Heh. Yes, I said that.

I complained way too much. Nagged poor ol' Tom (oh, all those times I freaked-out when he'd buy $10 worth of salsa, chilis and tortillas). And I got too obsessed about becoming a Coupon Queen and making money online, also. In fact, after Tom's former co-worker did our taxes for us last week, we discovered our return will be three times greater than what we'd assumed! So oh dear, I had to apologize to God--again--for acting like--if He didn't have my help--well, He'd have a hard time providing for us.

Good grief.

Yet most of all? I failed Winter 101 this year because I forgot to have fun. Yes, I really do believe that's what sunk me the most.

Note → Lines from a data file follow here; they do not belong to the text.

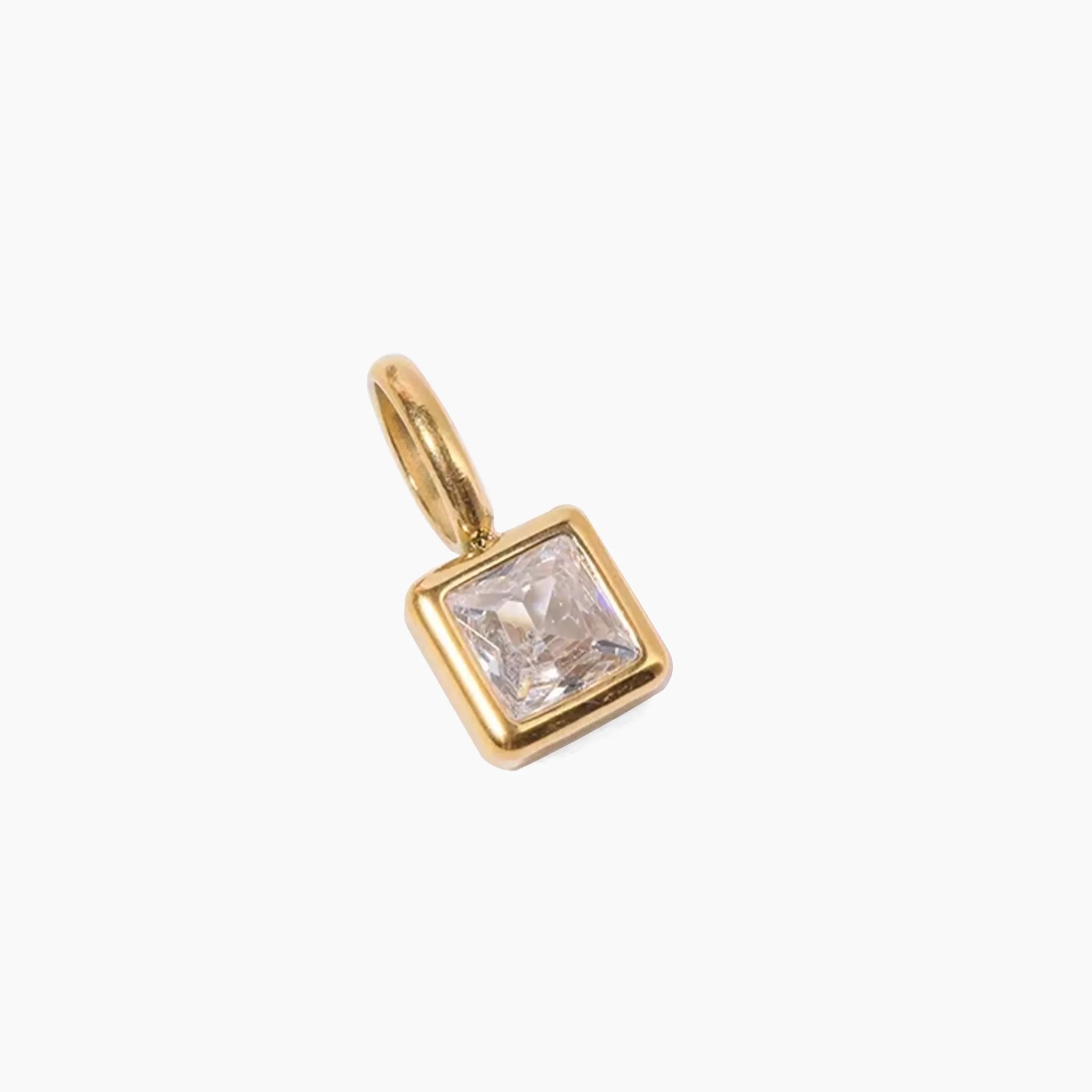 April birthstone charm, golden pendant with a clear gemstone on a white background
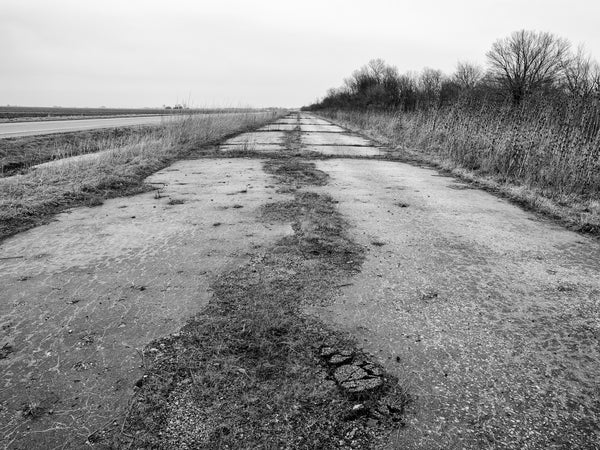 Black and white photograph of a closed section of old Route 66 in Illinois between Mount Olive and Litchfield.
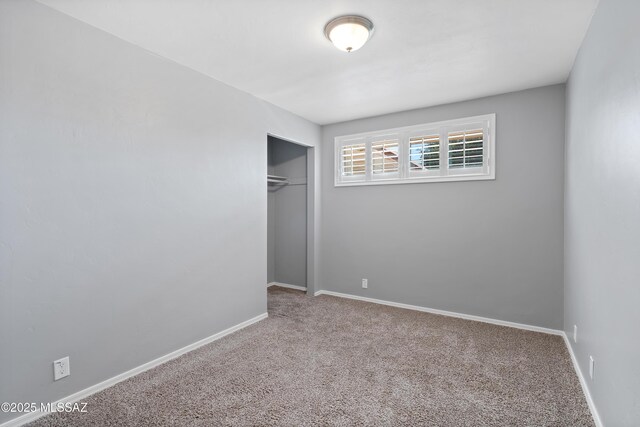 unfurnished bedroom featuring carpet and a closet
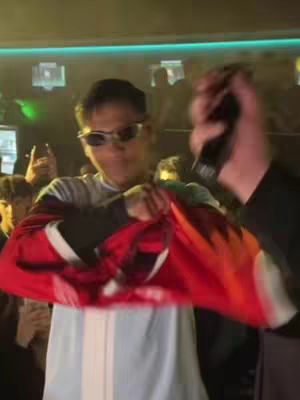 A person wearing sunglasses and a white shirt with red and black sleeves is holding a red jersey in front of a crowd. The person is in focus, with others blurred in the background. The setting seems to be indoors with lighting.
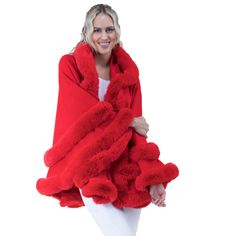 Indulge in the ultimate blend of sophistication and warmth with our faux fur-trimmed cape. This glamorous piece, featuring a plush faux fur trim and a relaxed silhouette, is perfect for elevating your winter wardrobe or adding an extra layer of elegance to any special occasion. Ideal for weddings, evening events, or casual outings, this cape offers versatile styling and unbeatable comfort. Shipping Information: - Ready to ship within 2 days - Fast shipping available upon request - Gift wrapping Faux Fur Trim Outerwear, Solid Color Outerwear With Faux Fur Trim, Winter Faux Fur Coat With Feather Trim, Faux Fur Coat For Cold Weather, Solid Faux Fur Coat For Cold Weather, Solid Color Faux Fur Coat For Winter, Solid Color Faux Fur Coat For Cold Weather, Faux Fur Outerwear With Feather Trim For Cold Weather, Cold Weather Faux Fur Outerwear With Feather Trim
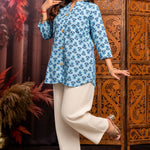 Model wearing powder blue short kurti in pure cotton with hand block floral print, wooden buttons, 3/4 sleeves and white wide-leg pants for a comfortable everyday ethnic look.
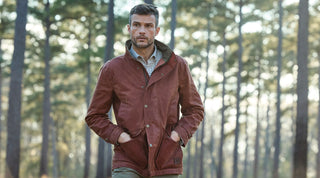 A man in a brown jacket with hands in his pockets stands outdoors in a forest with tall trees in the background.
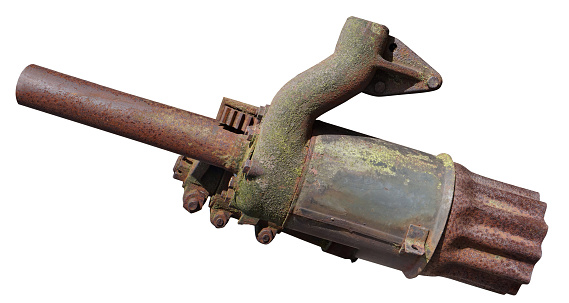 The exhaust pipe of an old rusty vintage tractor looks like a laser blaster. Isolated on white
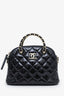 Pre-loved Chanel™ 24B Black Patent Quilted Shiny Coco Clutch with Chain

Oh, how we need fun in our daily lives! Of course, hearing that unnerves super-ultra-religious folks, but let them be unnerved. I believe in fun and that God wants us to have enough of it. That fun should spring out of the joy He gives.

So there you go. I may have failed Winter, but rather than hang my head about it all condemned-wise (slowing down any further growth), I'm aiming to pass Springtime with bright, flying colors and lots of fun thrown in, too. I have whole months' worth of fun to make up for!


Sunday, March 27, 2011

Yearning For An Egg Separator

Yesterday I began feeling so much better! Reminded me of one of those "suddenly verses" from the Bible, though tweaked. Like, "And suddenly there was with Debra, a host of happy thoughts and sunny skies inside her head." Suddenly things felt different than they felt the day before. (Let that bring you hope, ok?) 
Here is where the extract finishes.